TASK TO COMPLETE: Only the lines from the one with "Android TV Box" through the last line of the records below belong in your answer, reproduced exactly and with the pictures left out.

DATASET RECORDS:
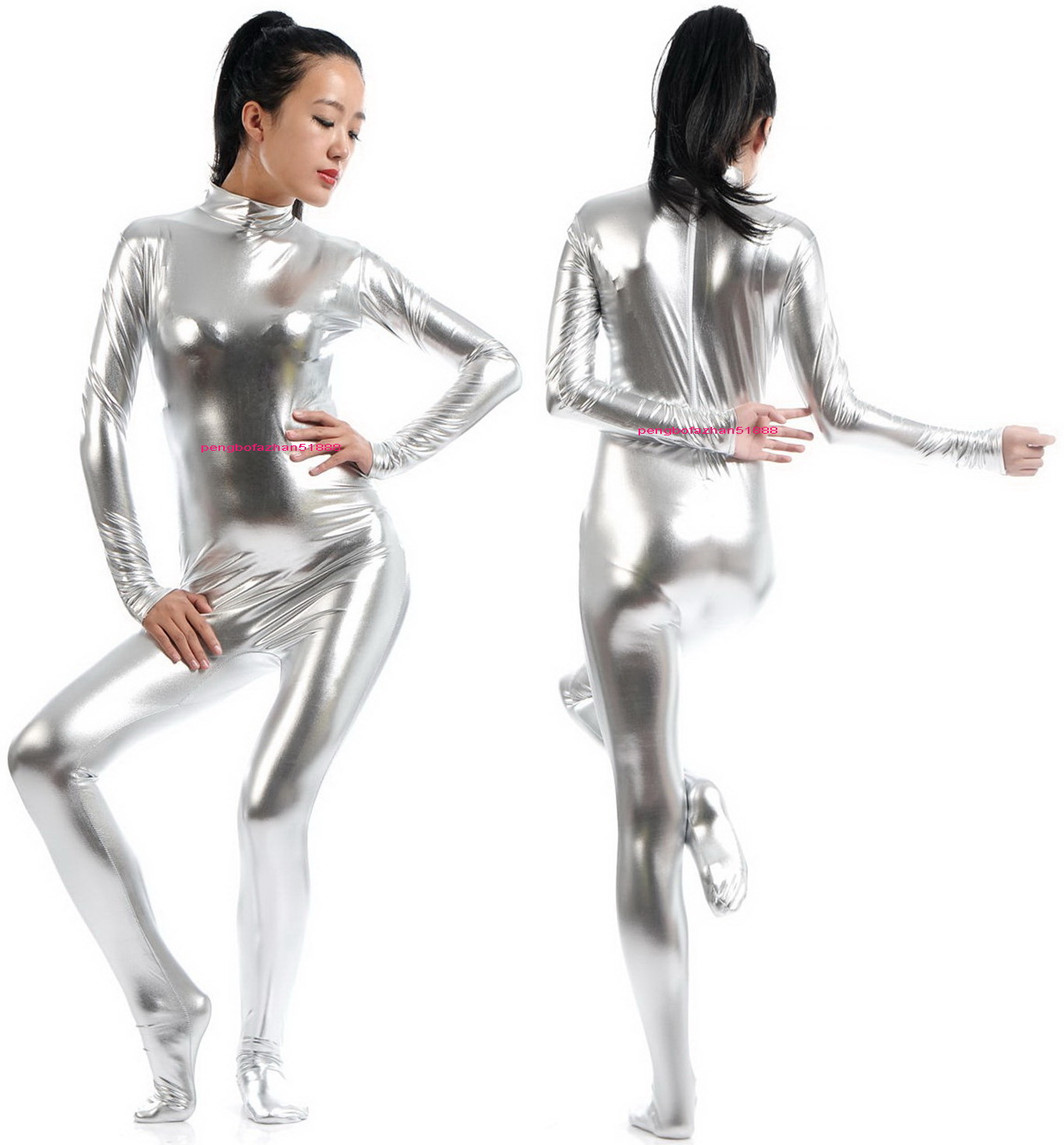 Sexy Women Body Suit Costumes Silver Shiny Lycra Metallic Women's Catsuit Costume No Head/Hand Halloween Party Fancy Dress Cosplay Bodysuit P344
Sexy Women Body Suit Costumes Silver Shiny Lycra Metallic Women's Catsuit Costume No Head/Hand Halloween Party Fancy Dress Cosplay Bodysuit P344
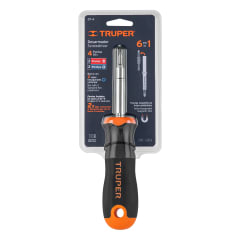 JUEGO DESARMADORES MULTIPUNTA 6 EN 1 TRUPER MULTI PUNTA 14200 0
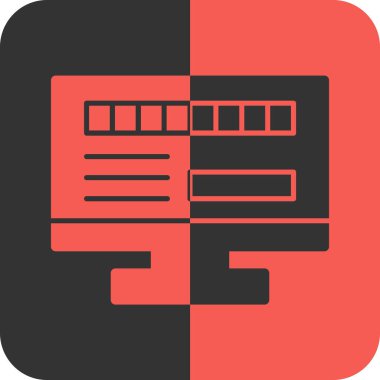 Yazıcı simgesi. Vektör simgesinin basit tasarımı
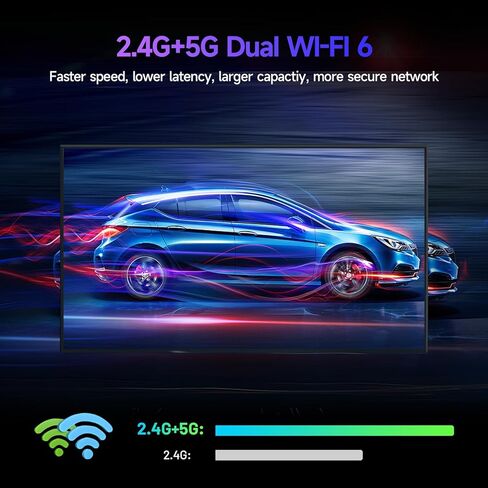 Android TV Box 13.0 4GB 64GB يدعم 8K 6K 2.4G 5.0G WiFi TV Box 2023 مع شرائح RK3528 HDR10 VP9 BT5.0 USB 3.0&2.0 3D 100M Ethernet in Kuwait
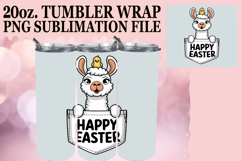 Gentle smiles 20oz tumbler wrap, Easter Animals Product Image 1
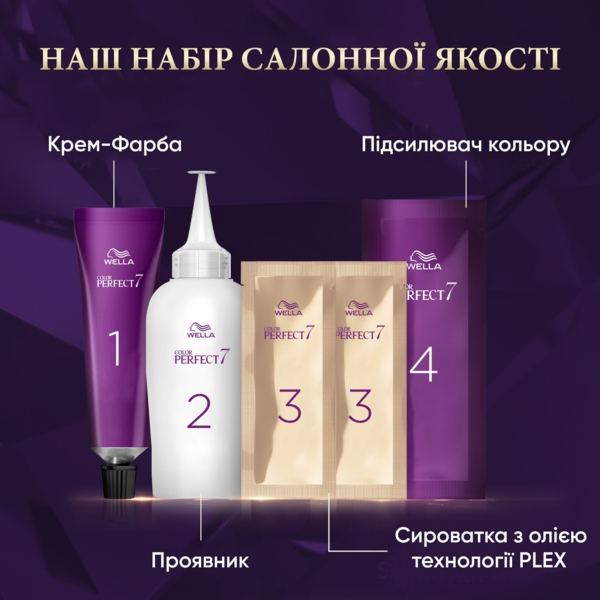 Стойкая крем-краска для волос Wella Color Perfect 1/0, Черный - Pampik - 7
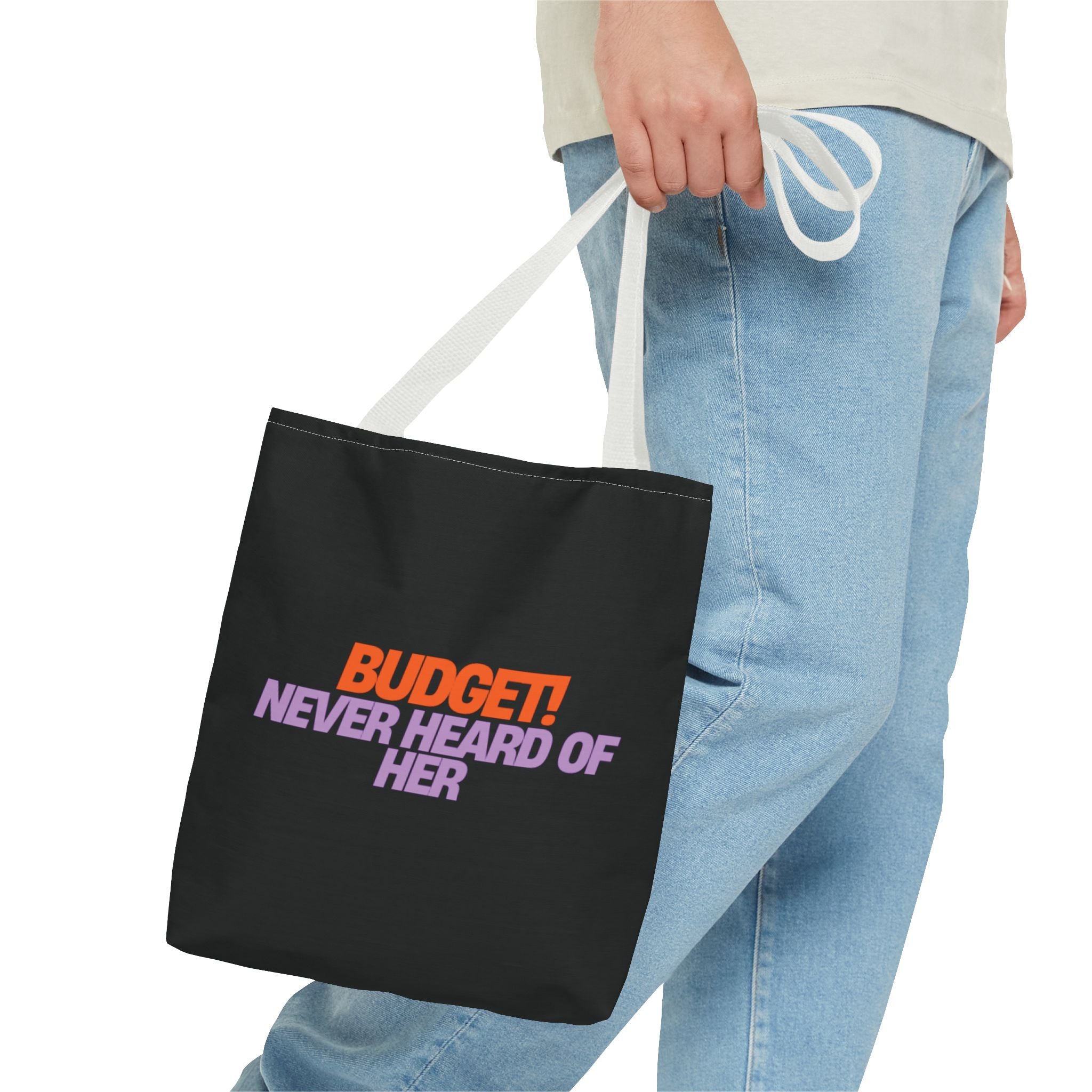 Budget Tote Bag - Fun Shopping Bag, Stylish Market Bag, Everyday Use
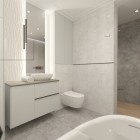 Egen Royal Marcus Bianco płytka podłogowa 60x120 cm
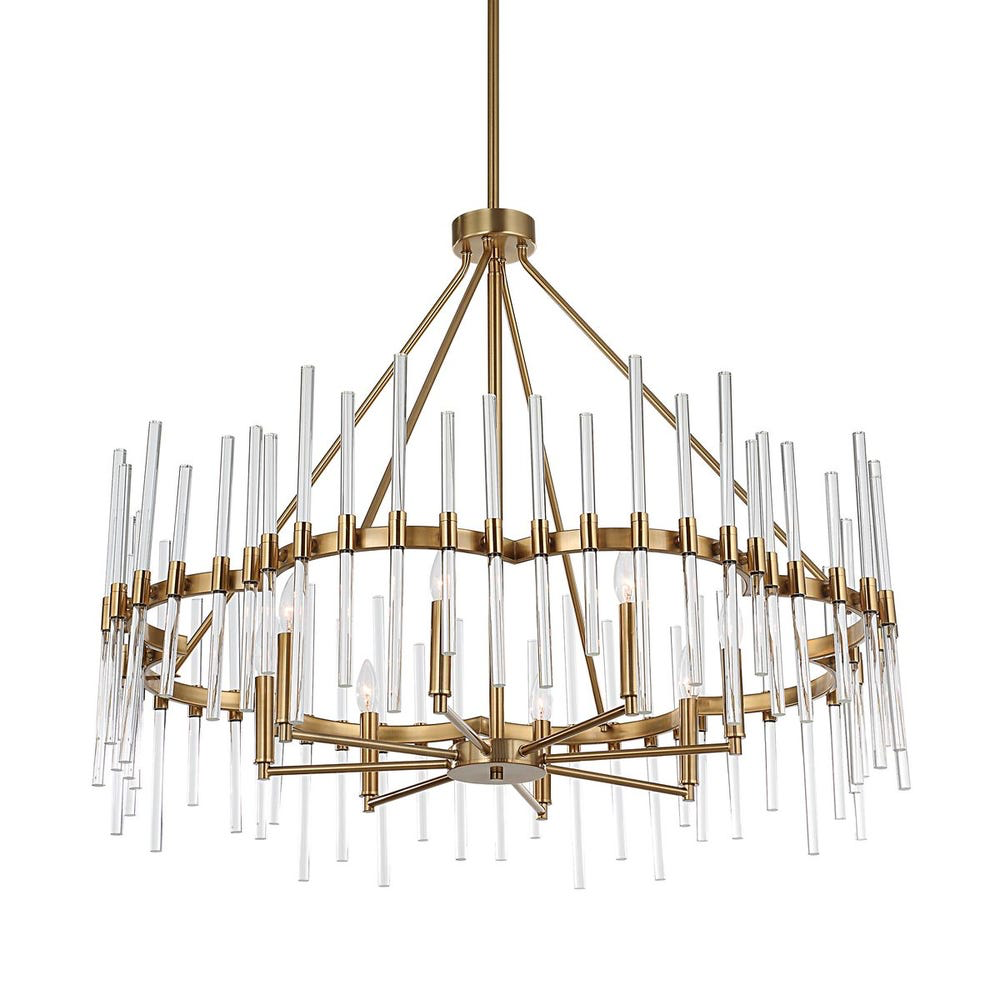 Crystal Stick Chandelier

REPLY:
 Android TV Box 13.0 4GB 64GB يدعم 8K 6K 2.4G 5.0G WiFi TV Box 2023 مع شرائح RK3528 HDR10 VP9 BT5.0 USB 3.0&2.0 3D 100M Ethernet in Kuwait
 Gentle smiles 20oz tumbler wrap, Easter Animals Product Image 1
 Стойкая крем-краска для волос Wella Color Perfect 1/0, Черный - Pampik - 7
 Budget Tote Bag - Fun Shopping Bag, Stylish Market Bag, Everyday Use
 Egen Royal Marcus Bianco płytka podłogowa 60x120 cm
 Crystal Stick Chandelier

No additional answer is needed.